Que de son côté, ADC LOCADA bénéficie, en tout état de cause, de l’indemnisation de sa compagnie d’assurance, la MAAF.

[minute page 4] Que dans le cadre de la recommandation du 14 juin 1996, a été déclarée abusive la clause qui prévoit le paiement par le locataire de la valeur du véhicule lorsqu’il est dans l’incapacité de restituer les clefs et les papiers alors que cette non-restitution ne lui est pas imputable.

Qu’il est constant que cette clause correspond aux prescriptions de l’article L. 132-1 du Code de la Consommation aux termes duquel sont abusives les clauses qui ont pour objet ou pour effet de créer, au détriment du non-professionnel ou du consommateur un déséquilibre significatif entre les droits et obligations des parties au contrat.

Qu’en l’espèce, la non restitution des clés et documents ne peut être imputée à DMF.

Que le fait d’obliger le locataire à payer une somme équivalente à la valeur vénale du véhicule a pour objet de créer un déséquilibre significatif entre le droit et l’obligation des parties et en l’espèce au détriment de DMF.

Que, dans ces conditions le Tribunal considère que l’article 6 suscité revêt un caractère parfaitement abusif, comme l’a retenu à raison la Commission des Clauses Abusives dans sa recommandation du 14 juin 1996.
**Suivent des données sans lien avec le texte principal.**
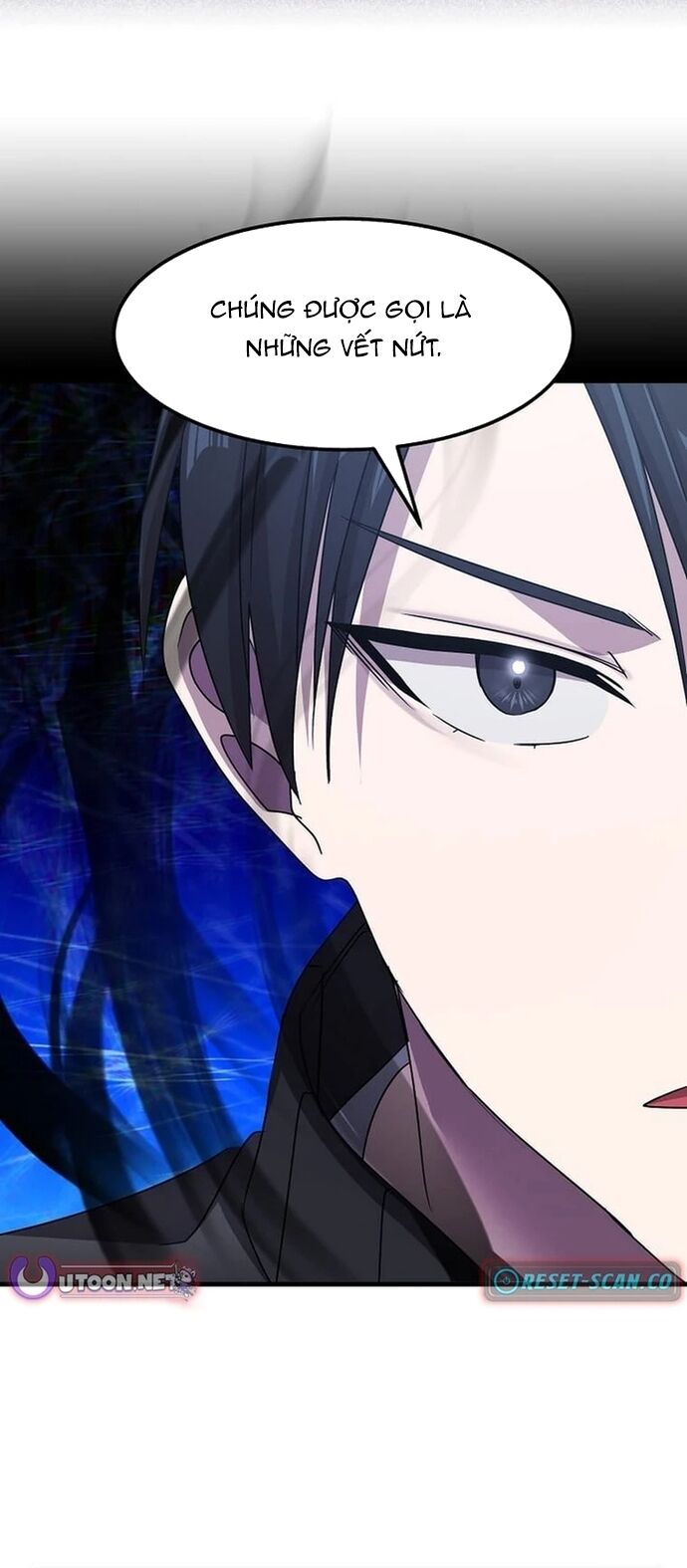 Võ Thần Thăng Cấp Chapter 30 - Trang 2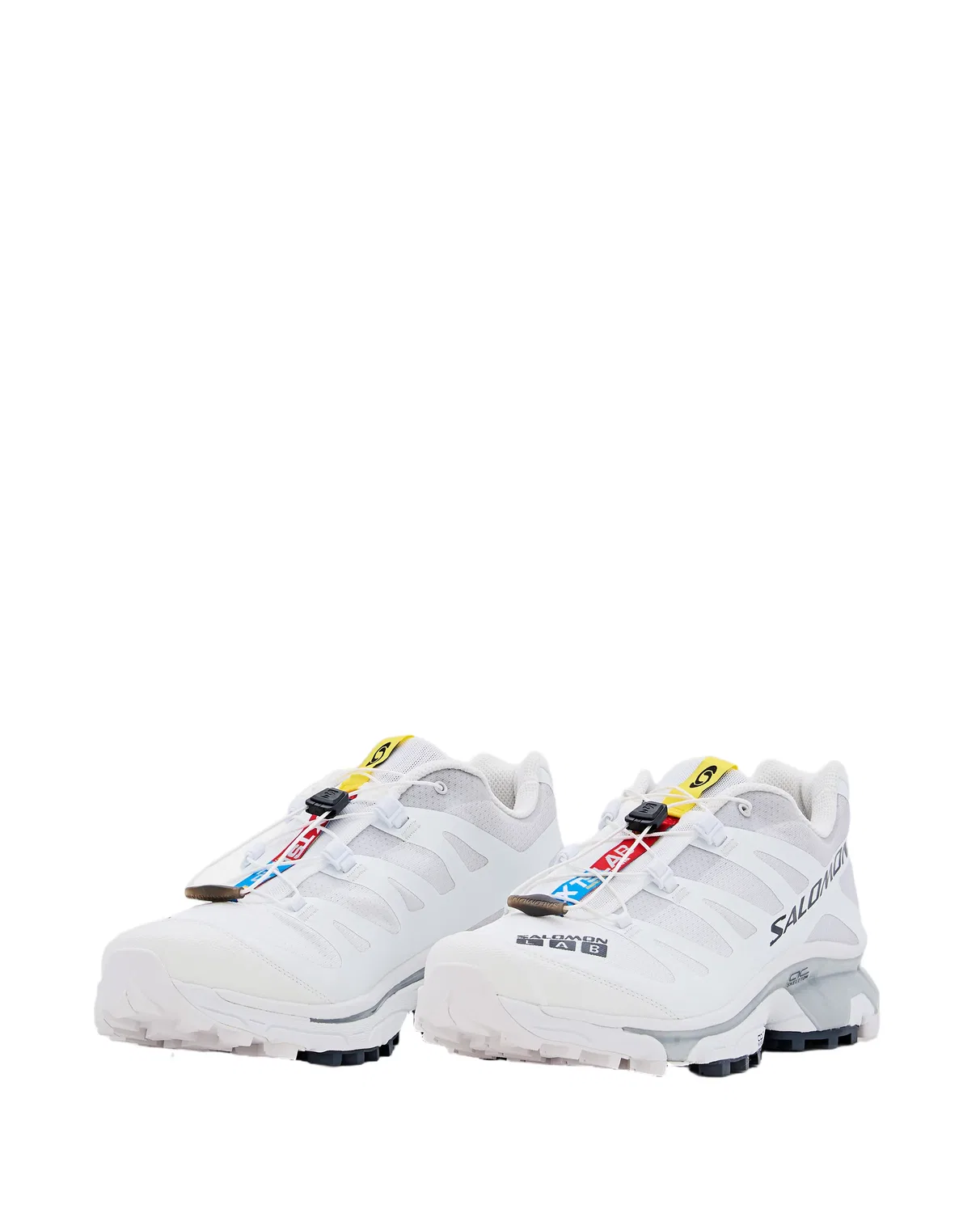 SALOMON Кроссовки XT-4 OG с синтетическим верхом — фото 2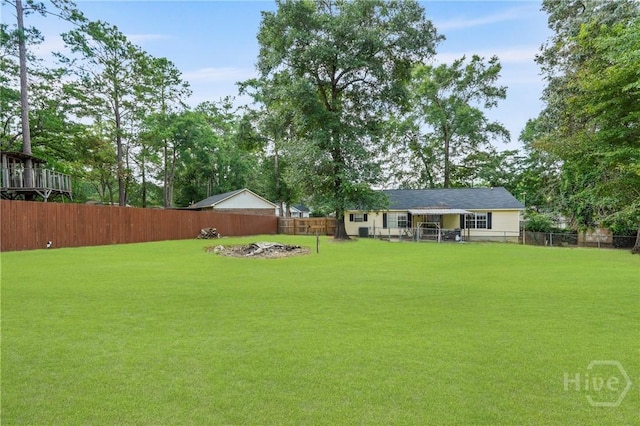 213 Doe Cir, Springfield, GA 31329 - photo 26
Qu’en outre, le Tribunal condamnera ADC LOCADA à payer 10.000 francs au titre de l’article 700 du Nouveau Code de Procédure Civile ainsi que l’intégralité des dépens.

 

DISPOSITIF (décision proprement dite)                                                            (N.B. : mention ne figurant pas sur l’original)

PAR CES MOTIFS :

Le Tribunal statuant en premier ressort par un jugement contradictoire

Vu la recommandation de la Commission des clauses abusives en date du 14 juin 1996 portant le n° 96-02,

- Déclare non écrite la clause insérée dans le contrat de location conclu entre la SOCIÉTÉ ADC LOCADA et la SOCIÉTÉ DMF (DIFFUSION MENUISERIE FERMETURE) en son article 6 intitulé « Quand ne suis-je pas assuré ? » comme étant abusive ;

EN CONSÉQUENCE

- déboute la SOCIÉTÉ ADC LOCADA de l’ensemble de ses [minute page 5] demandes, fins et conclusions,

- condamne la SOCIÉTÉ ADC LOCADA à payer à la SOCIÉTÉ DMF (DIFFUSION MENUISERIE FERMETURE) la somme de 10.000 francs (dix mille francs) en application des dispositions de l’article 700 du Nouveau Code de Procédure Civile

- condamne la SOCIÉTÉ ADC LOCADA aux entiers dépens, dont ceux à recouvrer par le greffe liquidés à la somme de : 255,23 Francs TTC (App. 12,56 + Aff. 18,70 + Emol. 178,20 + TVA 38,59) + (Aff. 6,00, TVA 1,18 = 7,18) + (Aff. 6,00, TVA 1,18 = 7,18).

Confié lors de l’audience du 26 avril 2000 à Madame LANG-PETITMENGIN en qualité de Juge Rapporteur.

Mis en délibéré le 17 mai 2000.

Délibéré par Monsieur PESKINE, Madame LANG-PETITMENGIN, Monsieur PIERRE et prononcé à l’audience publique où siégeaient:

Monsieur PESKINE, Président, Messieurs LEVY et PIERRE, Juges, assistés de Madame VASSEUR, Greffier.

La Minute du jugement est signée par le Président du délibéré et le Greffier.